Atlanta Tech Boom and Highlights

Archie James
January 28, 2020
Blogs

The city of Atlanta has been through many changes throughout the years. Not only has the city been the backdrop for important civil rights events, music evolution, and movie production, it’s also the southeastern hub for cutting-edge technology.

When people think of Atlanta now, they may think of the huge airport, the Atlanta United soccer team, or maybe even the birthplace of Coca-Cola, but to stop there would not be doing the city justice. Technology companies have taken special interest in the southern city.

After hosting the Olympics in 1996, Atlanta and the surrounding areas found themselves on the global map. Since then, talented engineers and architects have departed traditional western tech meccas to migrate to a city of exponential growth and development. Alpharetta, located in metro Atlanta, is home to over 600 technology companies across various industries that deliver value and advancement to both national and international businesses. Tax incentives (not unlike the ones given to movie productions) have attracted various tech companies to build their practice here, where all the action is happening.

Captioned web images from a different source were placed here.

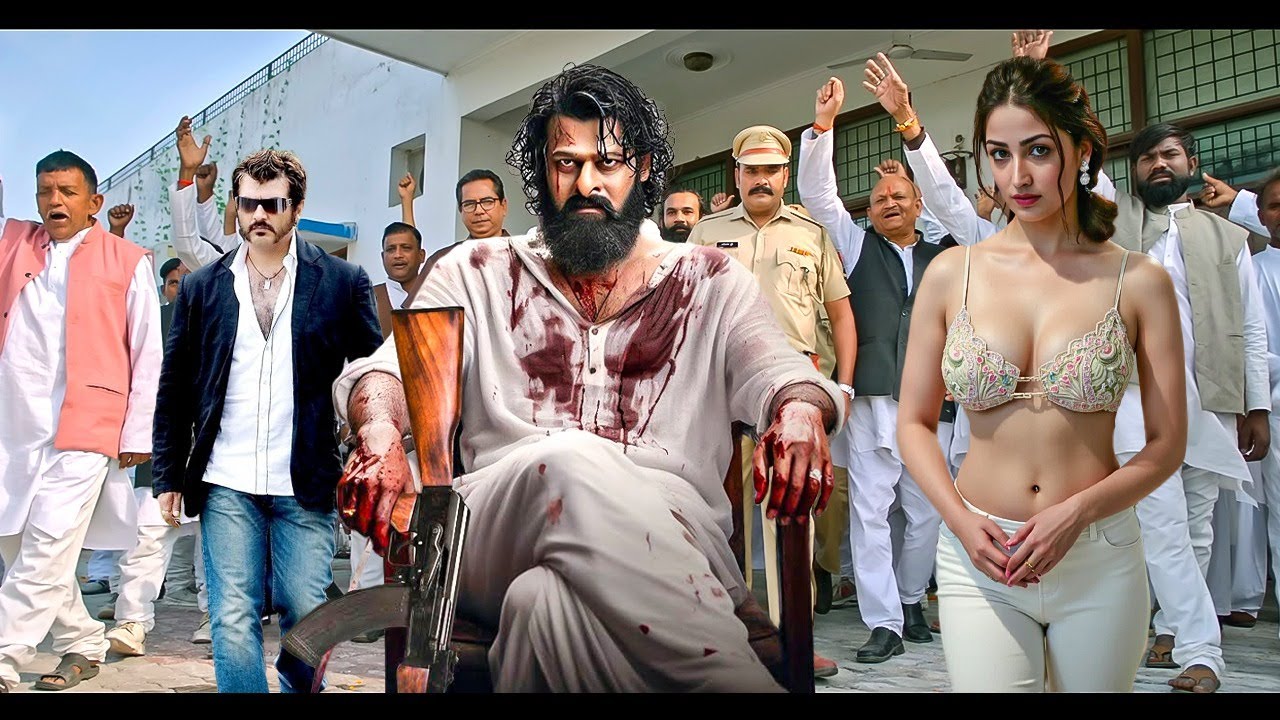 Prabhas New Movie 2026 Hindi Dubbed Full Movie HD, Latest South Indian Action Drama Full Movie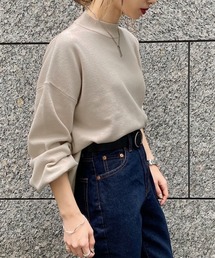 PAGEBOY | ハイネックボリュームニットSS(ニット/セーター)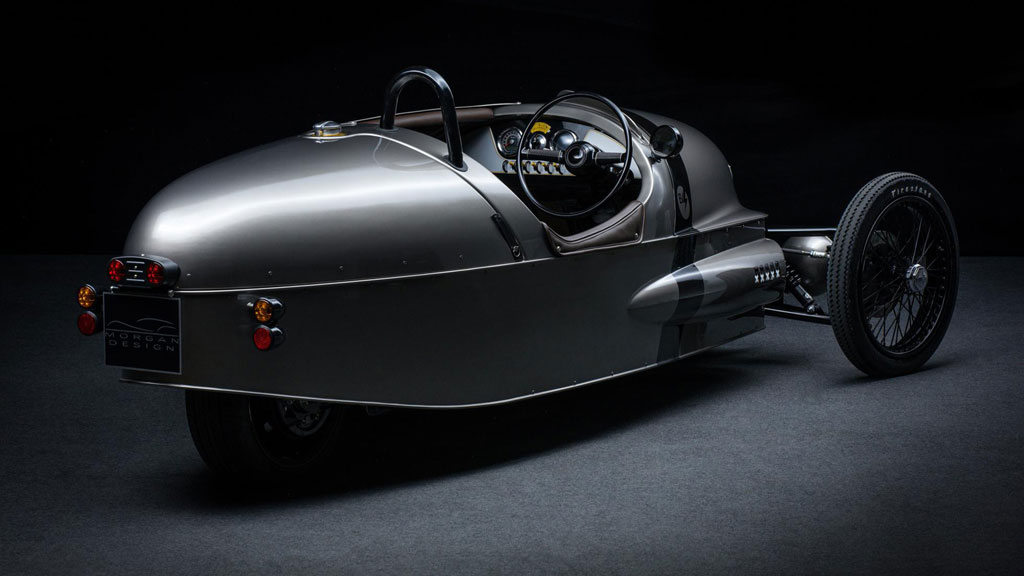 Morgan EV3, Mobil Listrik Beroda Tiga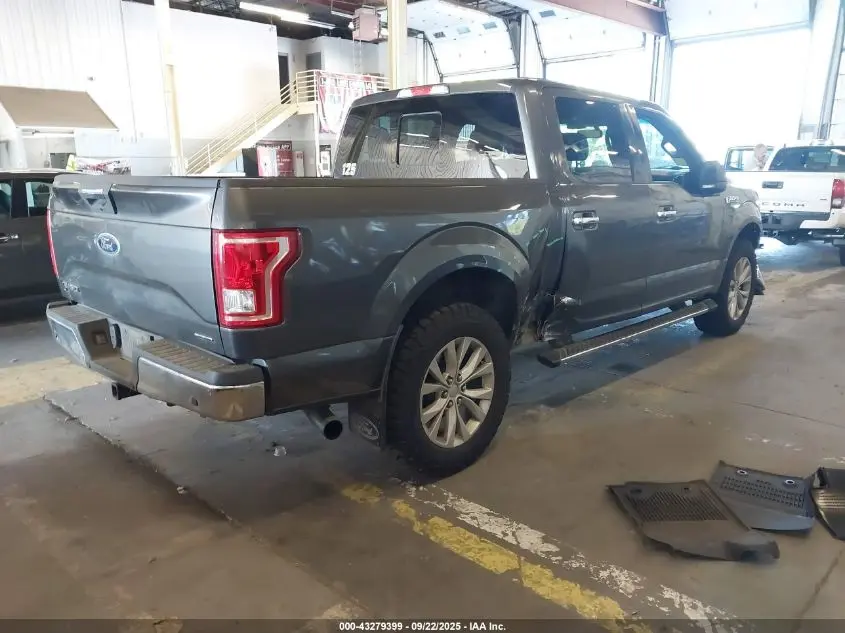 2016 FORD F-150 XLT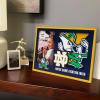 YouTheFan NCAA 3D Logo Picture Frame(Notre Dame Fighting Irish)
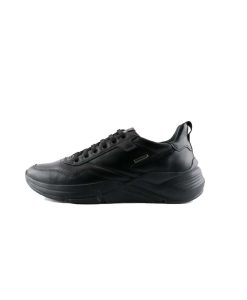 Pegada 118802-06 Ανδρικό Δερμάτινο Sneaker Μαύρο
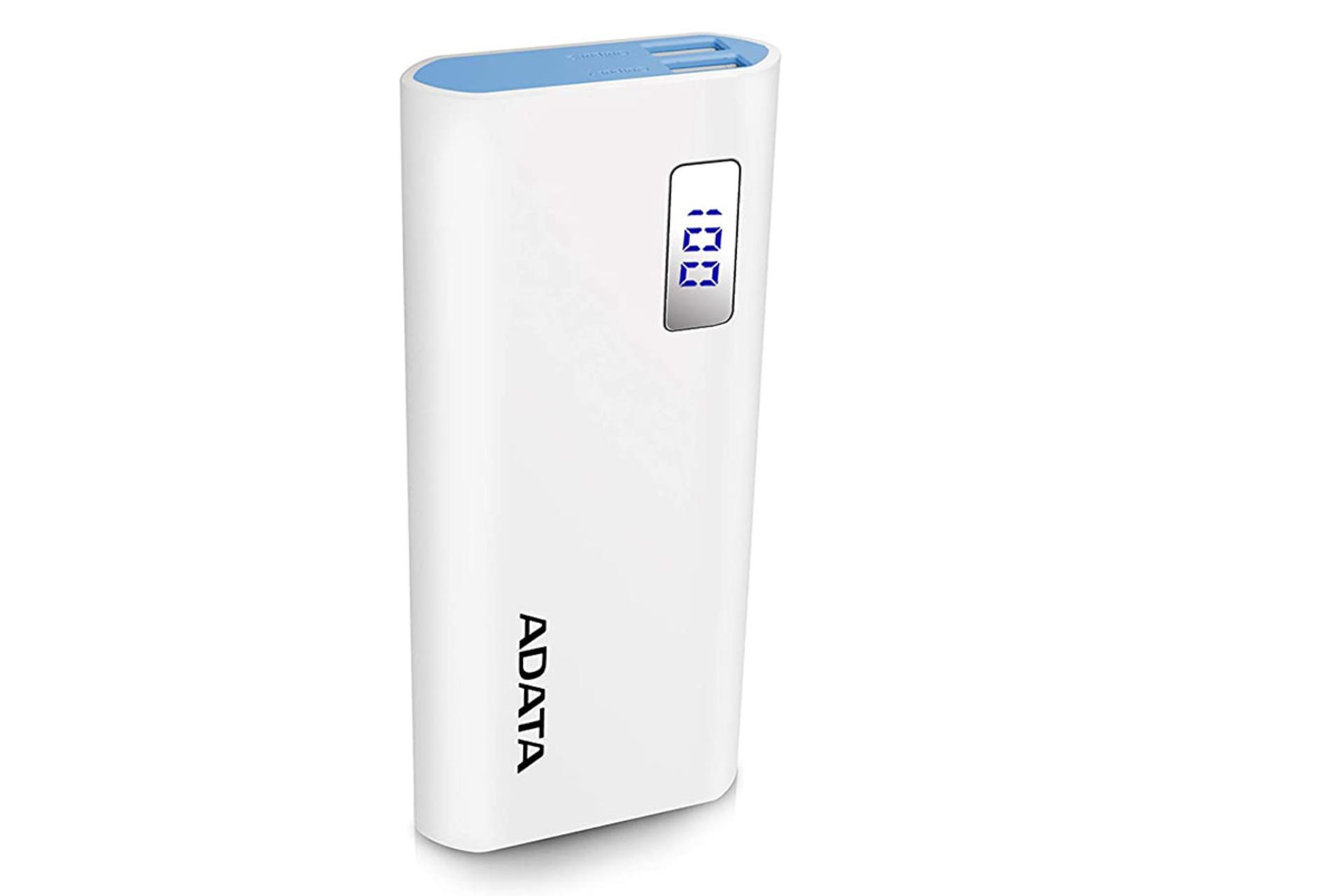 ADATA P12500D 12500mAh / ای دیتا P12500D با ظرفیت 12500 میلی‌آمپر ساعت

Atlanta has been home to numerous successful start-ups in the technology industry over the last couple of decades.  Amid the Atlanta tech boom in the 90’s and early 2000’s, disruptive companies the likes of MindSpring Enterprises (Charles Brewer), Universal Data Consultants (Jim Elliott and Ken Calhoun), Air Watch (John Marshall), and Optimus Solutions (Mark Metz) began popping up across Atlanta.  After Optimus Solutions became a success, Metz went on to found Corus360 and turn it into one of the fastest growing companies in the U.S. Today, Corus360 remains one of the top IT consulting and solutions companies in the country.

The Atlanta Tech Village in the heart of Atlanta hosts technology startups that are focused on the development of pioneering technology; among them being AI-driven analytics and automation as well as cybersecurity management using hyperledger and blockchain technology. These startups span across a multitude of verticals: Healthcare, education, fintech, and local government.

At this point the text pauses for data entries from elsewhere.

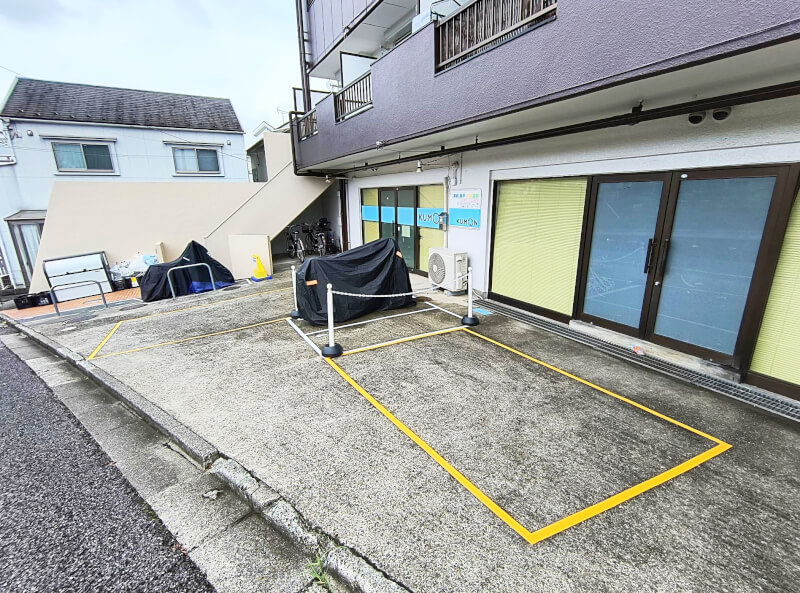 テナント専用駐車スペース テナント専用駐車スペース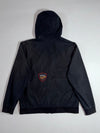 Carhartt WIP Hooded Cotton Bomber Jacket – Black (XL)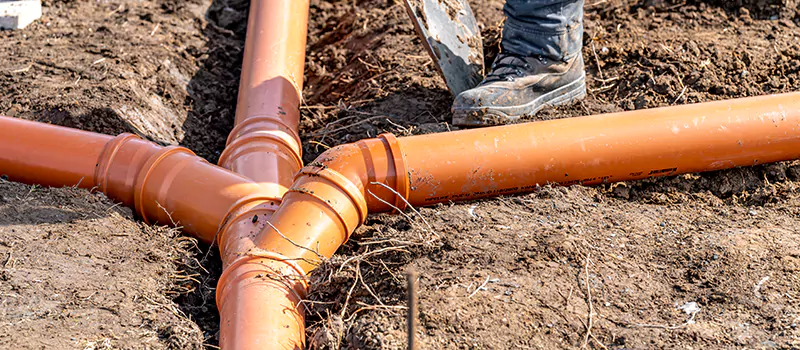 Plumbing Trenching and Excavation in Ajax, ON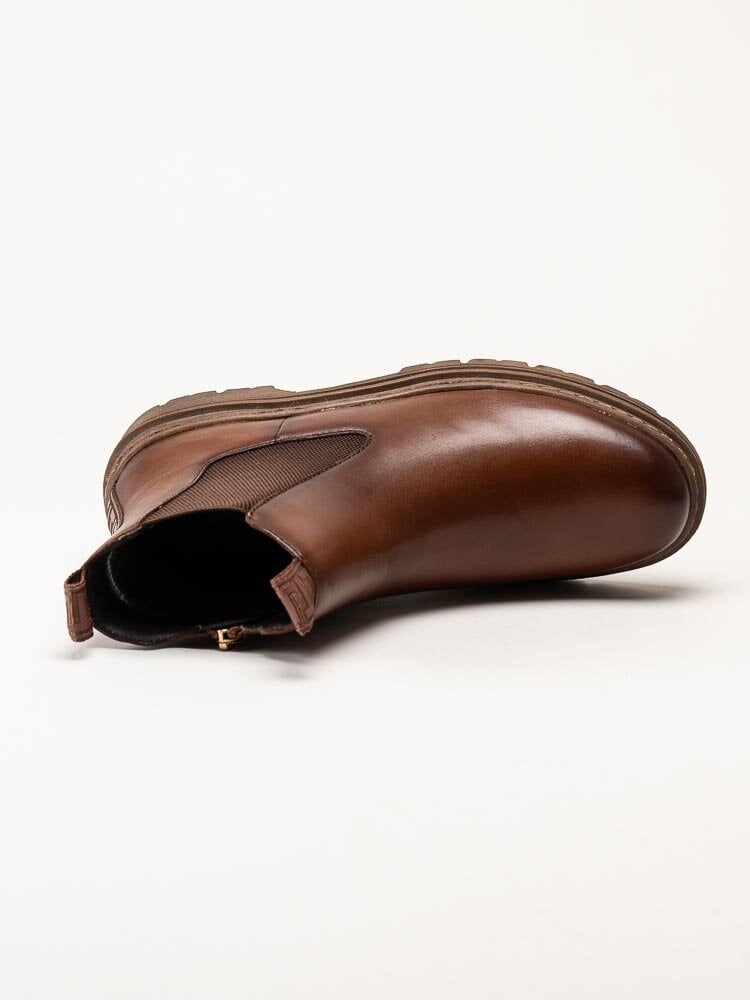 Tamaris - Bruna chelsea boots i skinn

This startup community’s mantra is, “It takes a village,” which emphasizes the importance the community puts on their people and the environment they work in. Atlanta Tech Village champions diversity in their workplace and is focused on inclusive work environments in the IT industry at large. Their perspective is that a diverse community with various backgrounds, experiences, and culture is what drives innovation in the everchanging market in Atlanta and around the world.

Atlanta’s proximity to world-class education institutions has contributed greatly to the diversity of tech professionals. Top schools like Georgia Tech, the University of Georgia, Kennesaw State University, and Auburn University are producing young graduates full of fresh thought and innovative ideas that drive progress in Atlanta and its metro area.

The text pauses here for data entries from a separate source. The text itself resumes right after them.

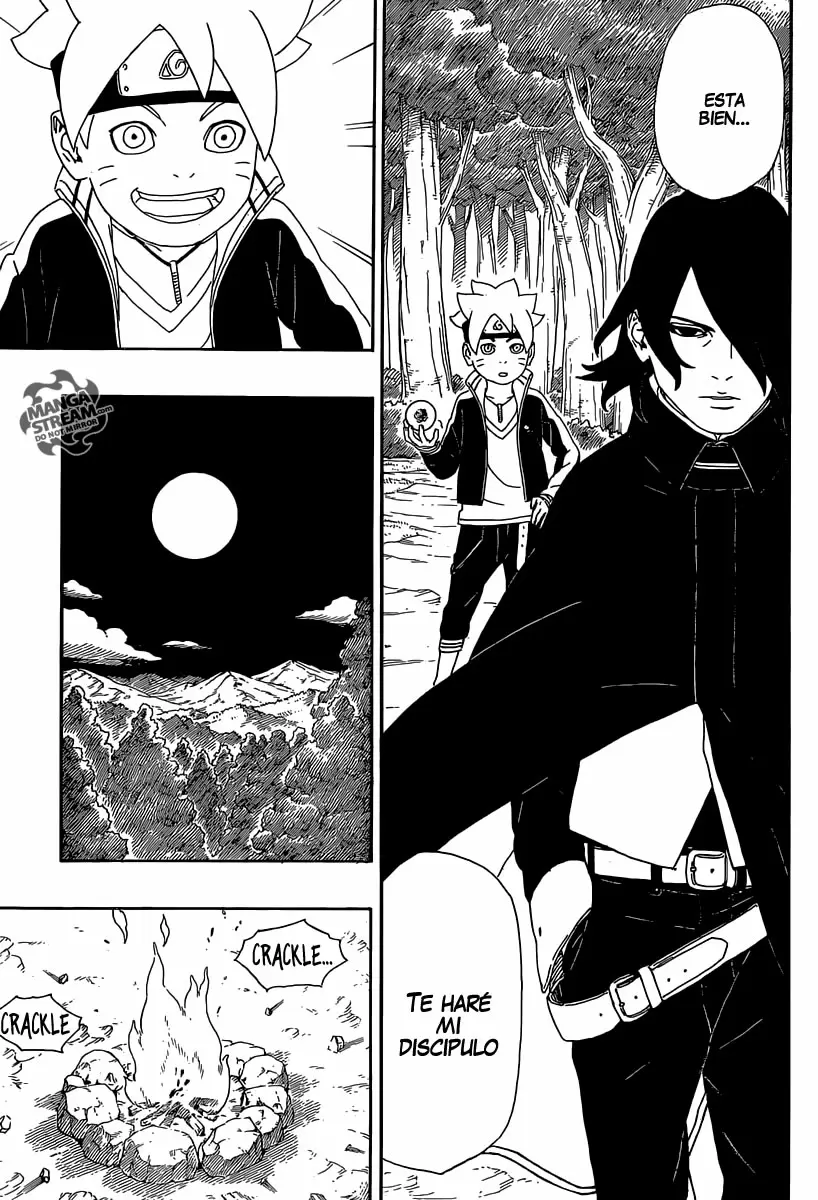 Boruto capítulo 2, página 34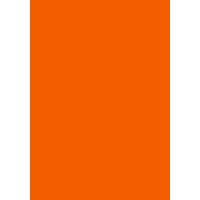 Maestro Bastelpapier intensiv orange, 160g/m2 50 Stück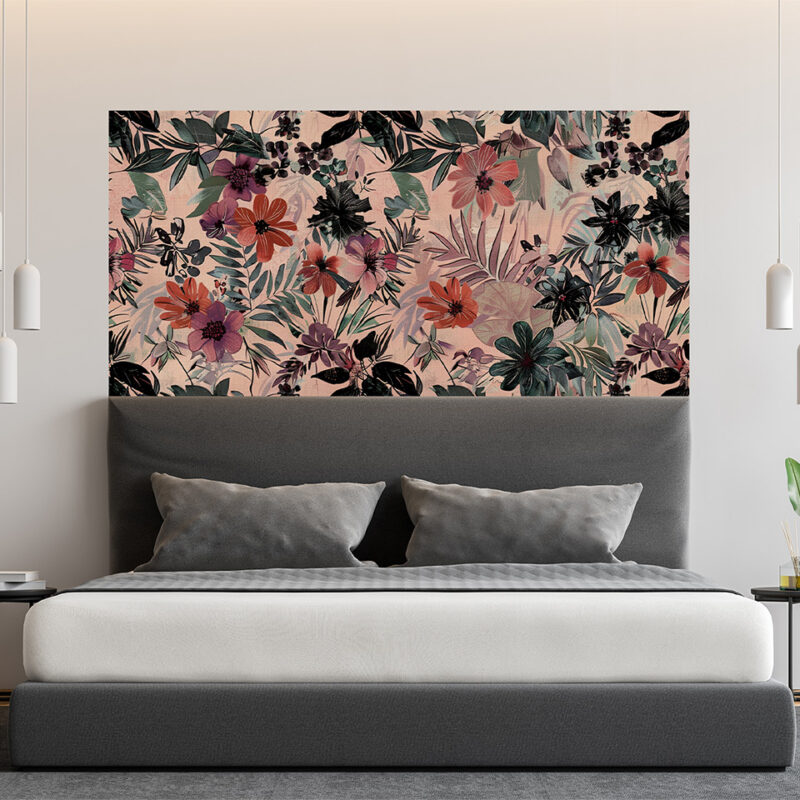 Bettkopfteil Floral Fusion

The Technology Association of Georgia (TAG) is also based in Atlanta. They advocate for the economic growth of Atlanta businesses through the means of technological advancement. Many Georgia-based technology organizations converge together annually for the TAG Summit to network and share knowledge with their peers. TAG completes its initiatives by partnering with the city, regional, and state chambers of commerce to promote organizations supporting technology in order to further growth-oriented objectives for Georgia.

Just outside the perimeter of I-285, the highway that surrounds Atlanta, sits the Sprint Curiosity™ Center that is spearheading the development of improving IoT technology with the use of 5G networking. The Curiosity™ Lab is the second autonomous test vehicle center utilizing 5G for automotive navigating in the United States. Located in the cornerstone of technological development, Technology Parkway Atlanta, Sprint’s aspiration to become the leader in IoT is a bold step in the right direction and brings more buzz to the city itself.

Atlanta, often called “the city too busy to hate,” has become a major hub for advanced technology and innovation. It’s projected that the population of Atlanta will increase from about 5.8 million residents to 7.2 million in the next decade. If the city is busy now, it’ll be even busier then. We’re hoping that the autonomous vehicle industry will take off and perhaps be the godsend we need to curb the awful Atlanta traffic.

Atlanta is on its way to becoming a major contender in the world of tech, and soon it could become something of a Silicon Valley of the East. My bias may be apparent in that statement; I love my city. I’m dedicated to the advancement of innovation across the state of Georgia, and I believe Atlanta will be the driving force behind the southeast’s rise to greater fame.